Dialogo dei Massimi Sistemi

Galileo scrisse intorno al 1630 il “Dialogo” nella forma di una conversazione fra tre personaggi: Salviati, Sagredo e Simplicio. Salviati, di nobile famiglia fiorentina, rappresenta lo stesso autore, in particolare l'intelligenza matematica della nuova scienza. Simplicio incarna la scienza conservatrice e pedante che non riconosce altri argomenti che quelli ammessi nelle opere passate. Sagredo che funge da moderatore neutrale rappresenta l'intelligenza depurata dai pregiudizi della tradizione e del senso comune e, di conseguenza, aperta alla nuova verità. Il Dialogo che dura quattro giorni è appunto diviso in quattro giornate. La prima giornata è dedicata essenzialmente alla contestazione radicale della cosmologia aristotelica, in particolare alla distinzione dei corpi fra celesti e sublunari. Nella seconda e terza giornata, si cerca di dimostrare la possibilità dei moti terrestri, ricorrendo, ad esempio, all'argomento della relatività del moto. La quarta introduce, infine, quello che, per Galileo, è l’argomento più valido a sostegno della mobilità terrestre, l’esistenza delle maree. Ma la preoccupazione di eliminare ogni azione a distanza, lontana dalla sue conoscenze meccaniche, conducono lo scienziato fuori strada, indirizzandolo verso una spiegazione errata del flusso e del riflusso del mare.
Nell'agosto del 1632 la vendita del Dialogo venne proibita e nell'ottobre Galileo fu citato a Roma dall'Inquisizione. Seguì il processo; nel giugno 1633 il libro veniva proibito e Galileo doveva firmare l'abiura.

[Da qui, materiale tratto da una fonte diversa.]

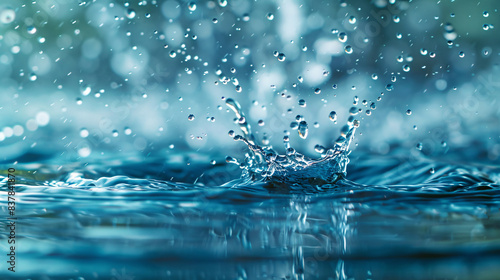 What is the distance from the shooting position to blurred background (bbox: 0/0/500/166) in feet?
7.18

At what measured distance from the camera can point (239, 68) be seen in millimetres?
2324

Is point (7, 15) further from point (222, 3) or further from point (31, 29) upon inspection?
point (222, 3)

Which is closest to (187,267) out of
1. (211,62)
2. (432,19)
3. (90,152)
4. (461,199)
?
(461,199)

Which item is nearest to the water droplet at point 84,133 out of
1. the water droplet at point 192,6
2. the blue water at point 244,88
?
the blue water at point 244,88

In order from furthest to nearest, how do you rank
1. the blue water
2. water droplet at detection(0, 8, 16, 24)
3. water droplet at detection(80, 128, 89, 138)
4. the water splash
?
water droplet at detection(0, 8, 16, 24) → water droplet at detection(80, 128, 89, 138) → the blue water → the water splash

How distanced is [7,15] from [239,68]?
1.07 metres

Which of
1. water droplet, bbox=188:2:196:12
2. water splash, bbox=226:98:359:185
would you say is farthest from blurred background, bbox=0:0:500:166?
water splash, bbox=226:98:359:185

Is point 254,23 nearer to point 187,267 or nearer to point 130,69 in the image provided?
point 130,69

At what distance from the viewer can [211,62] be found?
2.32 metres

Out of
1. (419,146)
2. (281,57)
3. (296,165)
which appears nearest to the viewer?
(296,165)

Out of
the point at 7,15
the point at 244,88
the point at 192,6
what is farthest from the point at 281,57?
the point at 7,15

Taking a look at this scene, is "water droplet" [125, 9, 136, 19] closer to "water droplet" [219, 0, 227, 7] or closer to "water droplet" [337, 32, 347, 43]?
"water droplet" [219, 0, 227, 7]

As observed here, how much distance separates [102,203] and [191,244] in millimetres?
368

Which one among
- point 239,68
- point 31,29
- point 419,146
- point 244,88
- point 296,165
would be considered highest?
point 31,29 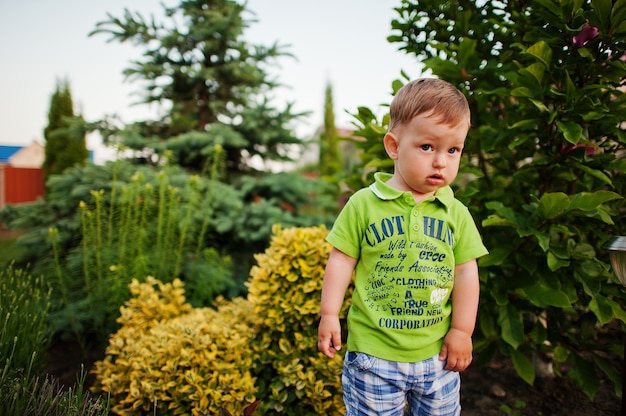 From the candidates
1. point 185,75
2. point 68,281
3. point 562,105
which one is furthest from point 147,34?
point 562,105

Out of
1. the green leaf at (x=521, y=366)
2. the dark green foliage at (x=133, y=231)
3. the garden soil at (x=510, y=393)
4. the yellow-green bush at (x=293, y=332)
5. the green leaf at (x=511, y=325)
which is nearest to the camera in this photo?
the green leaf at (x=511, y=325)

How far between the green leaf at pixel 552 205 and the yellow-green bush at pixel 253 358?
3.62 ft

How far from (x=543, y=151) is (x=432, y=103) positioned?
42.6 inches

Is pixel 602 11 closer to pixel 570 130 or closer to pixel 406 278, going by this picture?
pixel 570 130

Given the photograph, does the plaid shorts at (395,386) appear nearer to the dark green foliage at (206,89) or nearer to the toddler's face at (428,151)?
the toddler's face at (428,151)

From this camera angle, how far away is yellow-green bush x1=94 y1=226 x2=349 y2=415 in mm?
2002

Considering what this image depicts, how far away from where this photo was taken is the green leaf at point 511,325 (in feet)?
5.94

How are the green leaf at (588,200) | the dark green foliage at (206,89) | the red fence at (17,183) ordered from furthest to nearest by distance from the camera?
the red fence at (17,183)
the dark green foliage at (206,89)
the green leaf at (588,200)

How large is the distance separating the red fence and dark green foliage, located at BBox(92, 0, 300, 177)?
878 cm

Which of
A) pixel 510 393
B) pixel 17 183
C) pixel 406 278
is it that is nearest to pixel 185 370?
pixel 406 278

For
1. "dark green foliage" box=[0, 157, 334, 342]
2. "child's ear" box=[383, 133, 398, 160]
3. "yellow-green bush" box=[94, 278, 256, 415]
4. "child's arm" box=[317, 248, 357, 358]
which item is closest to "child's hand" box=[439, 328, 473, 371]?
"child's arm" box=[317, 248, 357, 358]

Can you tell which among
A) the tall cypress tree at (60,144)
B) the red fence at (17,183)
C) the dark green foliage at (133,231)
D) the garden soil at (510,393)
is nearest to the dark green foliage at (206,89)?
the dark green foliage at (133,231)

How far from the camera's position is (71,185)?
3740 millimetres

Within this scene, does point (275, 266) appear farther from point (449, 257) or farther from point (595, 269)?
point (595, 269) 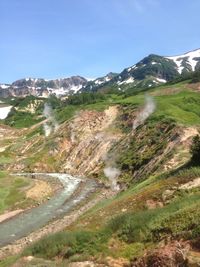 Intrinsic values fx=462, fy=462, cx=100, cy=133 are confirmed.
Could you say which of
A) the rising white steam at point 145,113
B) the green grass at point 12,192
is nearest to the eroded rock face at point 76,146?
the rising white steam at point 145,113

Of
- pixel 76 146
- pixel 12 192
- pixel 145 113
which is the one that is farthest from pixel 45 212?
pixel 145 113

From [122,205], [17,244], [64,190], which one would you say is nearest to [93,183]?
[64,190]

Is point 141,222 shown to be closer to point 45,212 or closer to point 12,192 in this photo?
point 45,212

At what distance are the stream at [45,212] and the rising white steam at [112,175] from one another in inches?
133

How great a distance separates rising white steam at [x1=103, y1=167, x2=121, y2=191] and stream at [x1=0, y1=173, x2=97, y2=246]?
11.1 feet

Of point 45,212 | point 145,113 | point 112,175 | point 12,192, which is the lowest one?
point 112,175

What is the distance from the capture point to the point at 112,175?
94.0 m

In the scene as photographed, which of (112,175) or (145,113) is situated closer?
(112,175)

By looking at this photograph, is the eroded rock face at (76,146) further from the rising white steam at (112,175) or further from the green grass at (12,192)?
the green grass at (12,192)

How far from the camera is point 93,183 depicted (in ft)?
301

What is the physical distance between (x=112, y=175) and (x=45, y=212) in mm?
27856

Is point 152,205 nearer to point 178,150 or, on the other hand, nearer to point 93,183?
point 178,150

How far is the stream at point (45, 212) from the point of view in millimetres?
57406

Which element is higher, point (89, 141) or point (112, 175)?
point (89, 141) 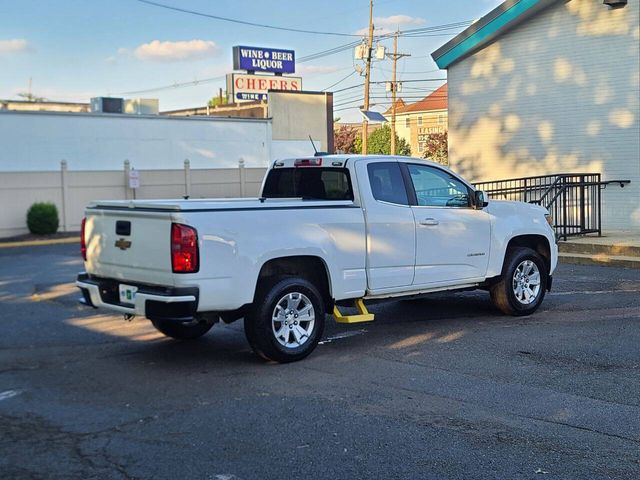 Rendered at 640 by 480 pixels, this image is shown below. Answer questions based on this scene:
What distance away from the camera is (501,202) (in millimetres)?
→ 9695

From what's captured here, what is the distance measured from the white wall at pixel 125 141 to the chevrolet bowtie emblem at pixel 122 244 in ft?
75.9

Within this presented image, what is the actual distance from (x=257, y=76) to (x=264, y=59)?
153cm

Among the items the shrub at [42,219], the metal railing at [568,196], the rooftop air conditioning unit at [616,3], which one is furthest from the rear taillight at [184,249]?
the shrub at [42,219]

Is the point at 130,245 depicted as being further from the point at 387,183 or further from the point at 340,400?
the point at 387,183

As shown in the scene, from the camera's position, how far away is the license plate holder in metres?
7.28

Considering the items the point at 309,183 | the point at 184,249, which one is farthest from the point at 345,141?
the point at 184,249

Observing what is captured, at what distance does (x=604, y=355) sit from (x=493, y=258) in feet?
6.84

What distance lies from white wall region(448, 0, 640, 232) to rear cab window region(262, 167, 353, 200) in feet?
37.6

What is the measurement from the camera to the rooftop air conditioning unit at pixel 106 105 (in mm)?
33375

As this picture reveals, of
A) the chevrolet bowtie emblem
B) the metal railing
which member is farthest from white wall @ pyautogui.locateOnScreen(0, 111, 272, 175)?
the chevrolet bowtie emblem

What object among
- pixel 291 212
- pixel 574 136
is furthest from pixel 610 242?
pixel 291 212

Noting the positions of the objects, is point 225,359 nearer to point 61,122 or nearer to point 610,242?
point 610,242

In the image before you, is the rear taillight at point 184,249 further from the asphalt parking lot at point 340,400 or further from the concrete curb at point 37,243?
the concrete curb at point 37,243

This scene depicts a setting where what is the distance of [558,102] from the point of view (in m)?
19.4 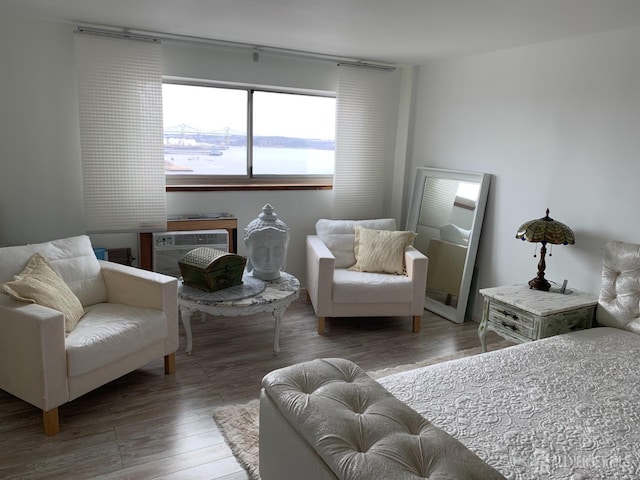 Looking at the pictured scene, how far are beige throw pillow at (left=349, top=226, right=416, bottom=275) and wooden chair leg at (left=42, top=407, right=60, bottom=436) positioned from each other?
2348 mm

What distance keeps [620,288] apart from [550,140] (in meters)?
1.17

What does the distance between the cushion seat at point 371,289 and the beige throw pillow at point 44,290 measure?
68.3 inches

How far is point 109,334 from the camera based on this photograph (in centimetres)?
258

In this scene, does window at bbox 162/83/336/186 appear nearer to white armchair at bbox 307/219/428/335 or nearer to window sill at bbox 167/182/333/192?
window sill at bbox 167/182/333/192

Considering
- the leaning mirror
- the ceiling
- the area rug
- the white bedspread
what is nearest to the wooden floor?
the area rug

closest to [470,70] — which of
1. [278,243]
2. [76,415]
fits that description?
[278,243]

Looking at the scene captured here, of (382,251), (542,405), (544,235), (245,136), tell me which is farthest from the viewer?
(245,136)

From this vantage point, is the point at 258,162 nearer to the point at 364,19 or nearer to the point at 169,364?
the point at 364,19

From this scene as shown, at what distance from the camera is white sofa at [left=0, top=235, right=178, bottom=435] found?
2.33 metres

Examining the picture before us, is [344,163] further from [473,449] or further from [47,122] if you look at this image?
[473,449]

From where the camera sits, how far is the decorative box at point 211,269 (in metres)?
3.16

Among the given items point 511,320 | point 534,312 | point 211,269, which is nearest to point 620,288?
point 534,312

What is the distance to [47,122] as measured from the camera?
3.58 m

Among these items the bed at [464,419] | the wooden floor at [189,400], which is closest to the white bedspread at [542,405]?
the bed at [464,419] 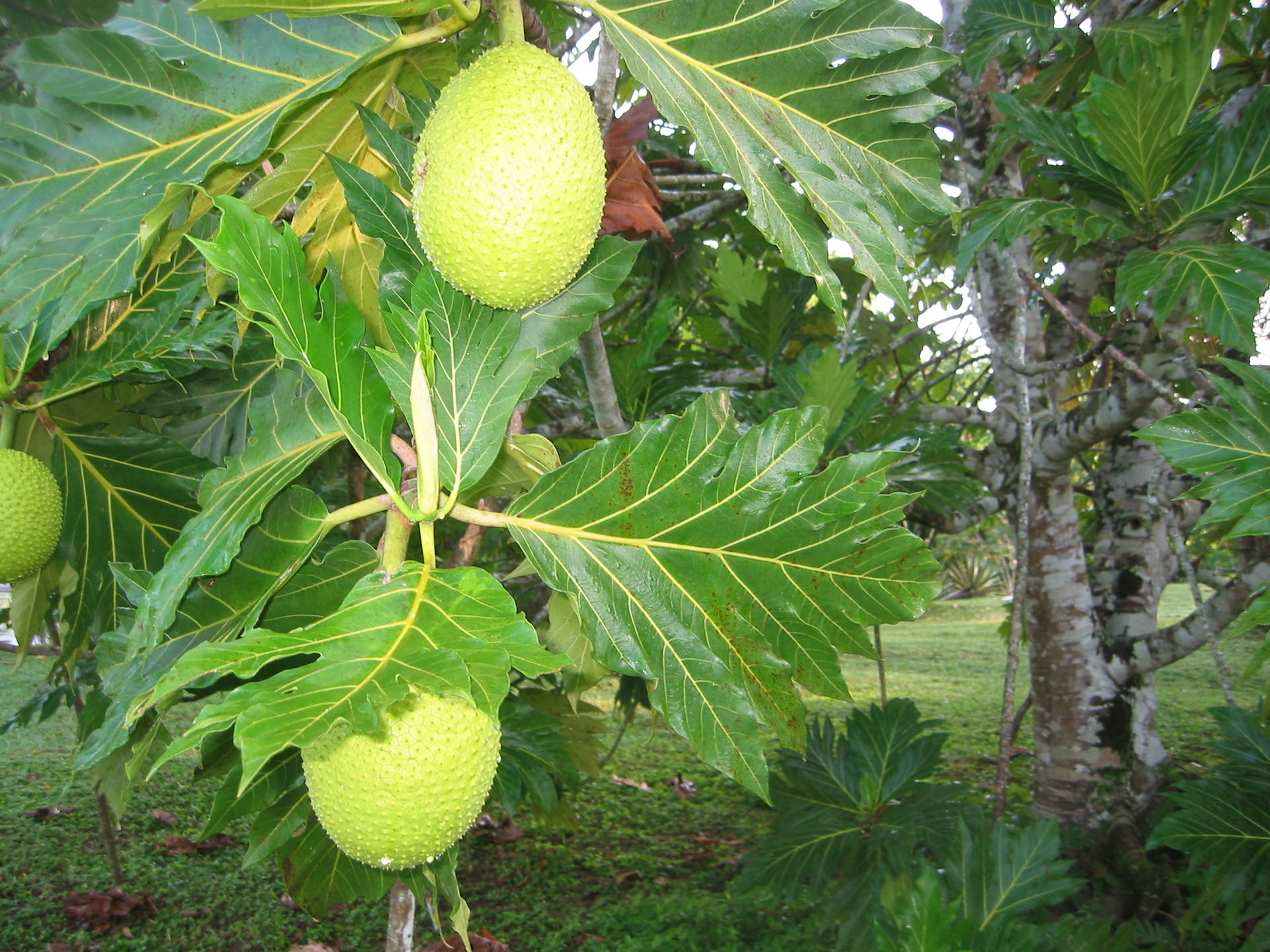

Dalla prima giornata. Eliminare la distinzione tra cielo e terra

In questo passo Simplicio, il difensore del sistema aristotelico, reagisce scandalizzato e inorridito dalla portata sconvolgente dell’affermazione di Salviati, che sovverte e sconquassa la distinzione fra cielo e terra, ma non è in grado di sostenere la propria tesi, favorevole all’inalterabilità dei corpi celesti, con veri argomenti scientifici. Sagredo, invece, respinge fieramente i timori di Simplicio, sostenendo che la perenne trasformazione dei corpi, come il nascere e il morire, non sono segno di inferiorità. Solo il terrore della morte ha potuto, a suo avviso, indurre gli aristotelici, che tanto esaltano l’inalterabilità, a ritenere perfetto ciò che è immutabile. Sagredo condannerebbe questi adoratori dell’incorruttibilità ad incontrare lo sguardo pietrificante della mitologica Medusa. In tal modo, ridotti a statue, diverrebbero finalmente incorruttibili e perfetti. Secondo Sagredo non si può immaginare sciocchezza maggiore di quella di chi reputa superiori le gemme e l’oro al “vilissimo fango”: solo in quest’ultimo, infatti, vi sono le forze vitali e materiali della natura, capaci di far nascere e crescere il gelsomino o l’ ”arancino della Cina”. Per Simplicio, invece, tutti gli astri non possono che essere come le gemme, incorruttibili, in quanto finalizzati “all’utile” e “al diletto” degli uomini. Sagredo inoltre sottolinea la contraddizione tra l’ingenuo antropocentrismo di Simplicio e la sua convinzione che solo quanto abita sulla sfera sublunare sia soggetto a corruzione e degradazione: per un curioso paradosso Simplicio considera infatti tutti i perfetti corpi celesti del tutto subordinati a quella Terra che, nella sua stessa visione del mondo, essendo mortale, è concepita invece come misero ricettacolo di immondizie e brutture.

 

SIMPLICIO: Veggo in Terra continuamente generarsi e corrompersi erbe, piante, animali, suscitarsi venti, pioggie, tempeste, procelle, ed in somma esser questo aspetto della Terra in una perpetua metamorfosi; niuna delle quali mutazioni si scorge ne’ corpi celesti, la costituzione e figurazione de’ quali è puntualissimamente conforme a quelle di tutte le memorie, senza esservisi generato cosa alcuna di nuovo, né corrotto delle antiche.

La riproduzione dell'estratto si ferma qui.